Exchange of visits is also being encouraged, and a team of startups led by the Kerala Startup Mission visited major cities in Germany in February this year to interact with startups and investors there. AsiaBerlin, funded by the government of Berlin, plans a similar trip of stakeholders to India soon.
Against this backdrop, the mission of the German team heading to the Global Huddle is pretty much clear.
“Our main objective is to explore avenues for fostering connections between the startup ecosystems of Kerala and Germany. We aim to identify synergies and specific thematic areas that can pave the way for meaningful collaborations and partnerships,” said Arora.
Germany is the industrial powerhouse of Europe, with its manufacturing, heavy machinery, and automotive sectors setting global benchmarks. As these sectors undertake efforts to keep up with technological changes, innovative ideas are being hoovered in from across the globe.
“India and Kerala are excellent innovation spaces, where our German companies can find talent as well as innovative and cost-effective solutions when it comes to the future of their industries. Maybe more succinctly: Can a start-up from Kerala, for example, in AI, match with a German manufacturing SME for mutual benefit.”
The startup scene in Kerala has already made headway into the prestigious German market with companies like Accubits and Palnar Transmedia having a significant presence in Germany through tie-ups and acquisitions.
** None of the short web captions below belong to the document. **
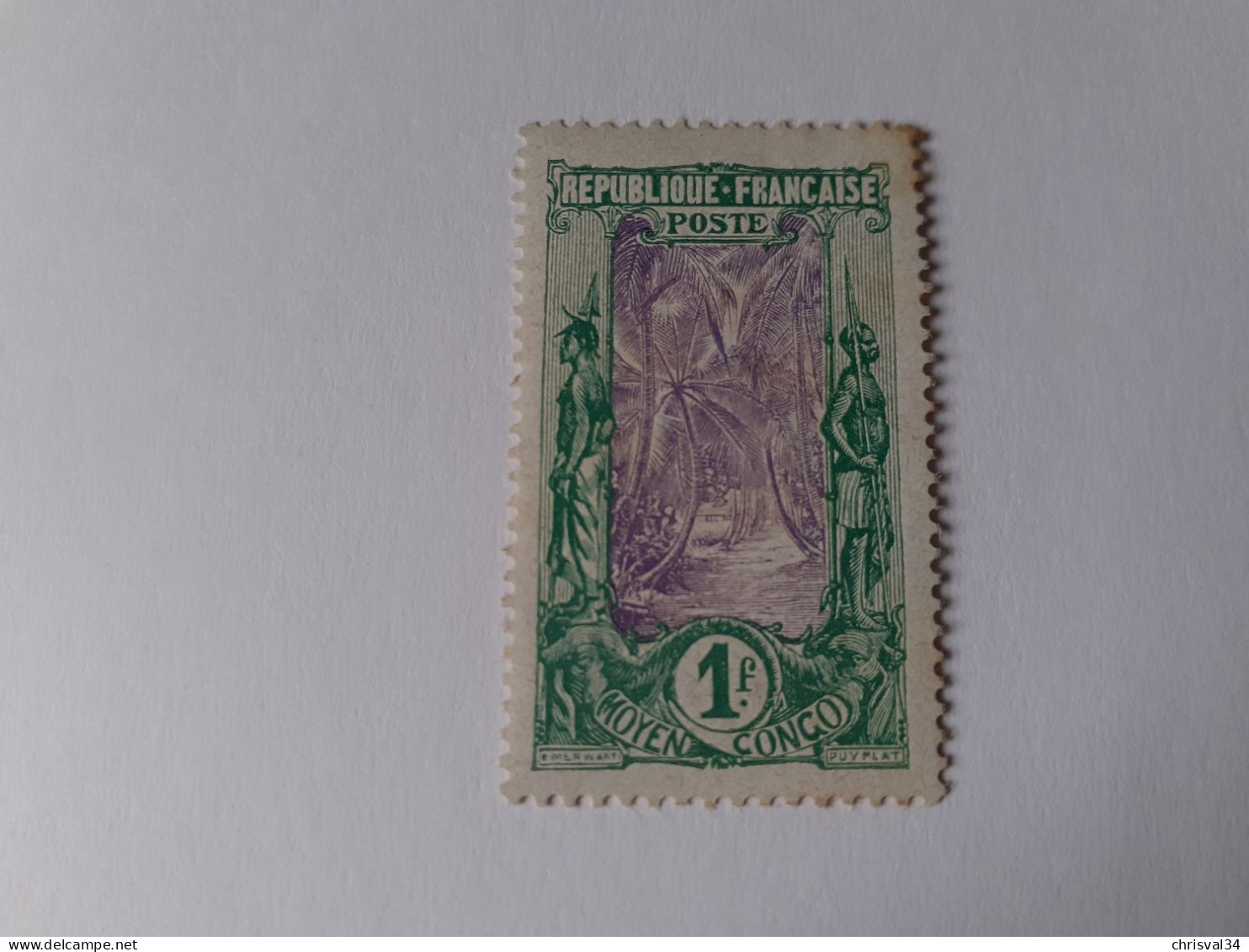 TIMBRE  CONGO    N  62     COTE  16,00  EUROS    NEUF  TRACE  CHARNIERE - Unused Stamps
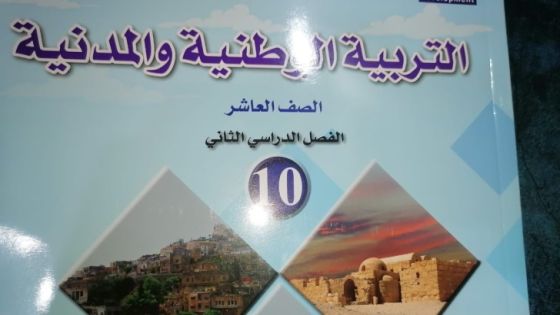 تجمع اتحرك يدين حذف الـ ٧ أكتوبر من منهاج التربية الوطنية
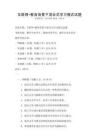 互聯(lián)網(wǎng)+教育背景下混合式學(xué)習(xí)模式試題
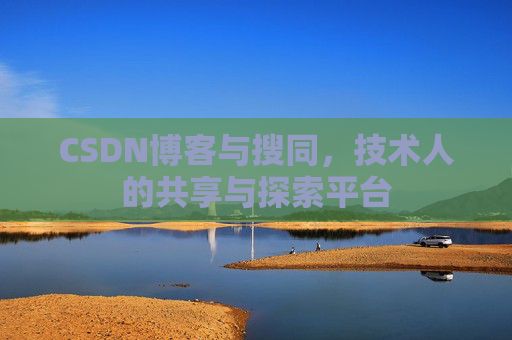 CSDN博客与搜同，技术人的共享与探索平台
Both these firms are involved in cutting-edge technology products with most of their work done at their offices in Kerala.
Another high-visibility German firm with deep-rooted ties in India is SAP Labs, which is headed by a Keralite Sindhu Gangadharan. As she wrote recently, “there are more than 1,600 Indo-German collaborations and over 600 Indo-German Joint Ventures fuelling one of the most exceptional bilateral partnerships in the world.”
Despite that around 80 percent of them are centred around cities like Bangalore, Delhi, and Mumbai. This is what the German delegation to Trivandrum event aims to correct.
“The Huddle and such tech sector gatherings play a pivotal role in strengthening ties between Germany and Kerala by bringing together all stakeholders. They provide a platform for meaningful interaction, fostering collaboration among businesses, government representatives, and innovators,” says Arora.
“The format of huddle allows you to explore freely. Its energetic and informal, exactly what businesses need to grow and collaborate. Ultimately, these events create a conducive environment for building lasting relationships and enhancing bilateral cooperation between Kerala and Germany.”